(L-R) Walt Disney, C.V. Wood, Buzz Price. Image Credit: Disney Revue

In August 1955, Vice President Richard Nixon visited the former orange grove fields that had been meticulously cleared and packed with towering rocket ships, flying Dumbo carts, and a castle. With cameras going off, Nixon was given the key to Disneyland by the park’s own Vice President and General Manager, Cornelius Vanderbilt Wood.

An engineer who had been hired away from the Stanford Research Institute (SRI) the year prior, C.V. Wood had selected the site in Anaheim, purchased the land, and supervised construction. He was Disneyland’s first employee; Walt Disney was known to refer to him as a “son.”

Six months later, Wood was gone—not just from the park, but from Disney’s official history. 

Possibly the biggest influence on Disneyland next to Disney himself, Wood studied petroleum engineering at the University of Oklahoma. He met Disney when the animator began consulting with SRI on the logistics of his long-planned theme park. Wood proved so adept at solving problems—and so enamored with the concept of a fantasy landscape—he was brought on full-time to supervise the project’s frenetic construction.

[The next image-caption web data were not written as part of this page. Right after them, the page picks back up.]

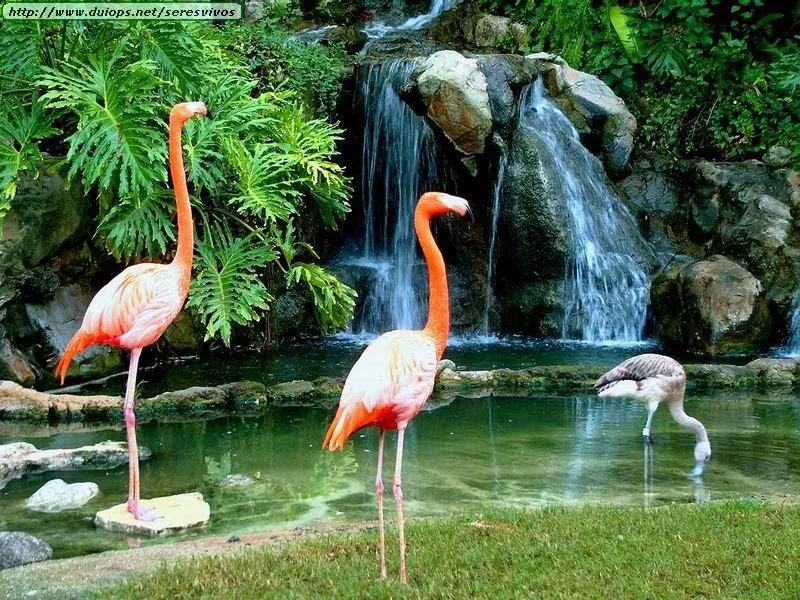 Fotos de flamencos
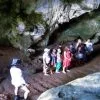 Excursión Privada a Los Haitises y Caño Hondo desde Sabana de la Mar – Bild 18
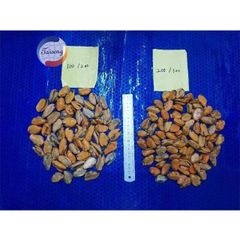 Frozen live shellfish without shell green mussel meat Style FROZEN Packaging Box Weight (kg) 10 Address Fujian Ingredients - Image 4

The park opened in July 1955 and was an immediate success. Wood had a one-year contract, but in January 1956, trade papers announced his departure from the company. That he’d leave a job he was so fond of so abruptly immediately raised questions. (Embezzlement was one popular theory.) Though there’s never been a definitive answer, Van Arsdale France, a Disneyland employee who knew both Disney and Wood, believed the two men were so fiercely independent that their relationship wasn’t going to last.

“In one week, Wood was holding his regular meetings as usual, with an office crowded every minute of the day,” France was quoted as saying in The Disneyland Story. “Just about overnight, he was out.” According to employee Dick Irvine, Disney had his brother, Roy, fire Wood after a heated argument.

But Wood was still fascinated by the amusement industry. With severance pay in his pocket, the year he separated from Disney Wood he started Marco Engineering, which specialized in the design and execution of attractions. Wood was a one-of-a-kind talent for investors who wanted to try and replicate Disney’s success. He hired away several key Disney staffers; to promote his fledging business, he even started to bill himself as “The Master Planner of Disneyland.”   

Marco got off to an auspicious start. They opened Magic Mountain in Golden, Colorado in 1958, but construction delays bogged down business and the park was operational only during the summer. He also developed Pleasure Island, a Boston park that opened in 1959. Both ventures soon dissolved.

By this point, Wood was invoking his Disney ties a little too often for his former boss' liking. When he opened Freedomland in the Bronx in 1960, he billed it as “The Disneyland of the East.” Lawyers for Disney sued in order to protect the brand's copyright, and the matter was settled out of court.  

While Wood had high hopes for Freedomland—which tried to recreate historical cities and events—a series of incidents garnered the wrong kind of press. A stagecoach toppled over, breaking a guest’s spine; robbers made off with over $28,000

Freedomland closed in 1964, unable to compete with the neighboring World’s Fair and its stockpile of Disney-endorsed attractions. Wood later became famous for moving the London Bridge to Arizona, piece by piece, for a tourist attraction in 1968. He also founded the International Chili Society before ending his career at Warner Bros., where he worked until his death in 1992.

There is no account of Wood ever reconciling with Disney. While the company has received criticism for not acknowledging his contributions to Disneyland, not everyone got the memo. In 2011, an official Disney travel magazine innocently offered a bit of trivia about the relocated London Bridge in Arizona and one of the men responsible for it: C.V. Wood.